Notice that the word “concurrency” hasn’t been mentioned once yet, except in the title.  Wikipedia defines concurrency as “…a property of systems in which several computations are executing simultaneously, and potentially interacting with each other.”  At the lowest levels we definitely have concurrency.  Two increment operations are being executed simultaneously, yet somehow even assembly language programmers don’t need to have the slightest clue about deadlocks, race conditions or any of the other standard concurrency concepts, even if they want to write highly optimized code that benefits maximally from ILP.  Concurrency has been abstracted away as an implementation detail of parallelism.  In its place is the higher level language of parallelism, which speaks in terms of dependencies.  Two pieces of code that do not depend on each other’s results, including side effects, may be executed in parallel.  This excellent article discusses in more detail why concurrency and parallelism are not the same thing.

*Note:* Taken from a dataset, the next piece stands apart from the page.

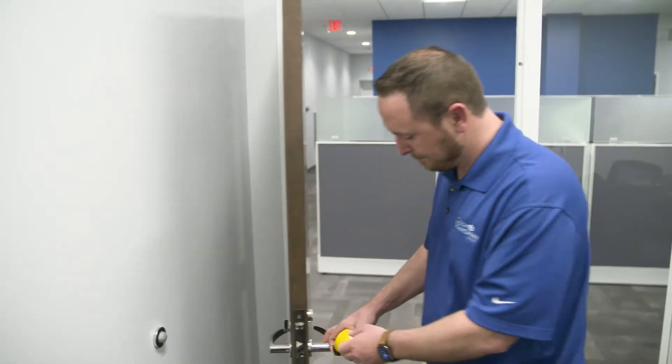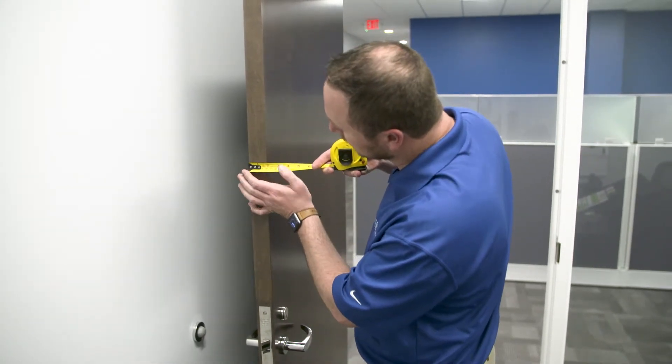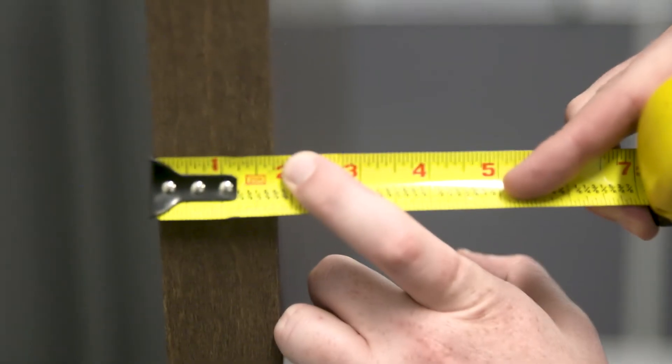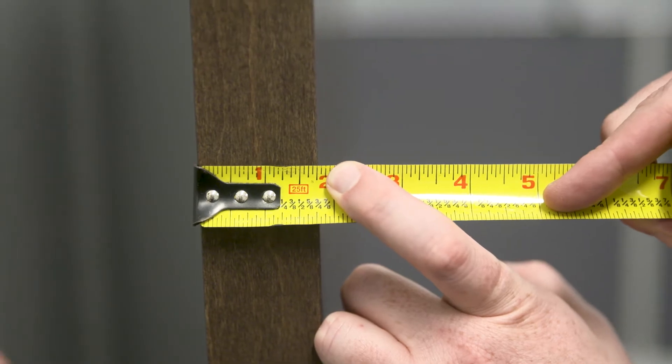First, we'll check the thickness of the door. This is easy enough to do with any good measuring tool. For this demonstration, we will use a simple tape measure. This door is one and three quarters inch thick, which is the most common standard width for commercial wood and metal doors.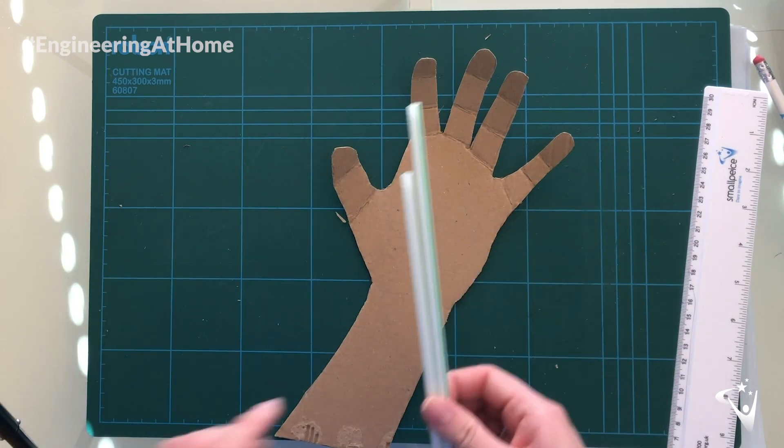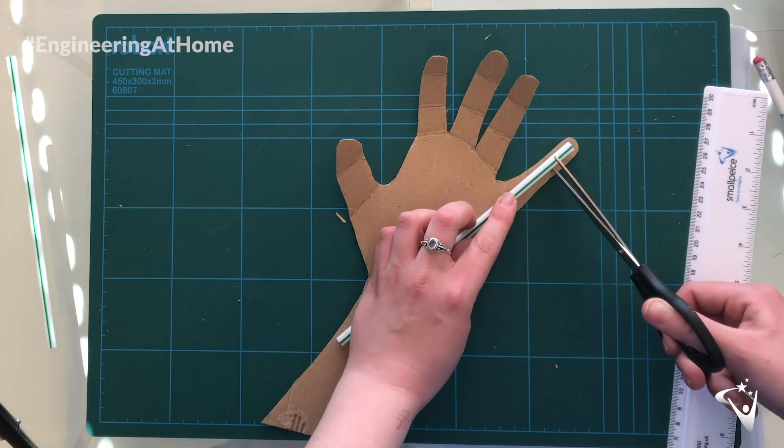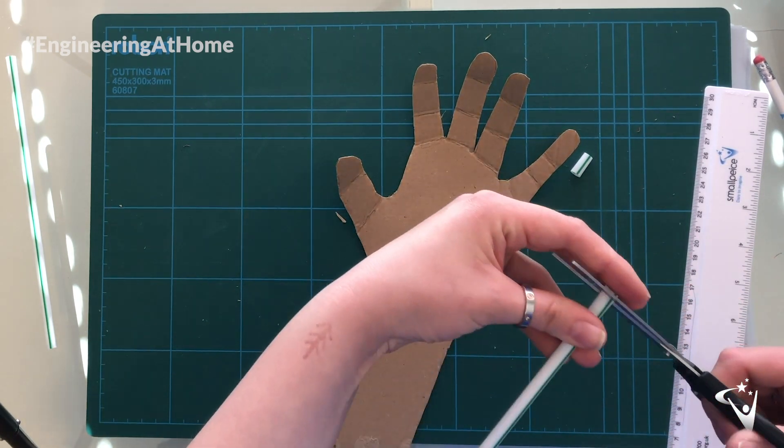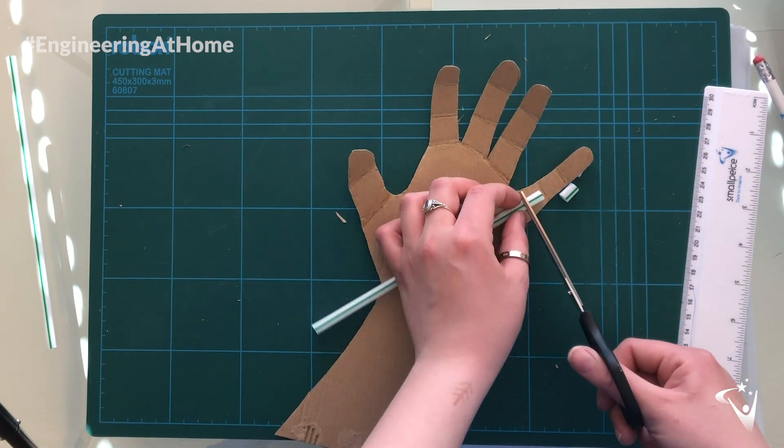You might find it helpful to give each finger a different color so you can tell which parts are for which finger. Next, we need to cut some straw to the length of each section of your fingers. Make sure you cut these pieces of straw slightly shorter than you think they need to be, so there's plenty of space for the fingers to bend.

There are other applications of concurrency where abstracting away its existence is not desirable, let alone practical.  If you’re writing a server, handling multiple requests simultaneously is a fundamental part of the problem you’re solving, not an implementation detail.  If you’re writing a game, simultaneously processing graphics and sound is not an implementation detail.  If you’re writing an operating system, multitasking is not an implementation detail.  There are two traditional ways to handle explicit concurrency:  Multiple processes and multiple threads.  Threads share an address space.  This means that all of the memory in the process is implicitly shared between threads.  Change a value from one thread and all of the other threads “know” about it.  This makes communication between concurrently executing tasks easy, but makes ensuring correctness of the code hard, since any memory address may be read or written to by any thread, in a nondeterministic order.  Processes don’t share an address space and all sharing is explicit.  The downsides are that interprocess communication has substantial overhead and passing complex object graphs (i.e. the general case of objects that have pointers to other objects) between address spaces is a non-trivial problem.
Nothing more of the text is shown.